Give back exactly the lines of the data below, starting with the line that has "Dichanthelium aciculare" and going on through the line that has "湖南兴怀新材料有限公司绿化施工现场".

#### DATA EXTRACT

☆ ☆ ☆ ☆

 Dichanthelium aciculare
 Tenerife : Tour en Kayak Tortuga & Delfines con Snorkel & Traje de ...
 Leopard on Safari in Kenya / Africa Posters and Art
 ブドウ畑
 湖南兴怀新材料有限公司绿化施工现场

☆ ☆ ☆ ☆

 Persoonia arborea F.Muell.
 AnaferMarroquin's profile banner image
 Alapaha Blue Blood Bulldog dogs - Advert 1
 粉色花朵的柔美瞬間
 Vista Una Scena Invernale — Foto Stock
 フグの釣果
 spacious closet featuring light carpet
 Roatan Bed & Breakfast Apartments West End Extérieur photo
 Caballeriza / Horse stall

☆ ☆ ☆ ☆

#### EXERCISE RESULT
 Dichanthelium aciculare
 Tenerife : Tour en Kayak Tortuga & Delfines con Snorkel & Traje de ...
 Leopard on Safari in Kenya / Africa Posters and Art
 ブドウ畑
 湖南兴怀新材料有限公司绿化施工现场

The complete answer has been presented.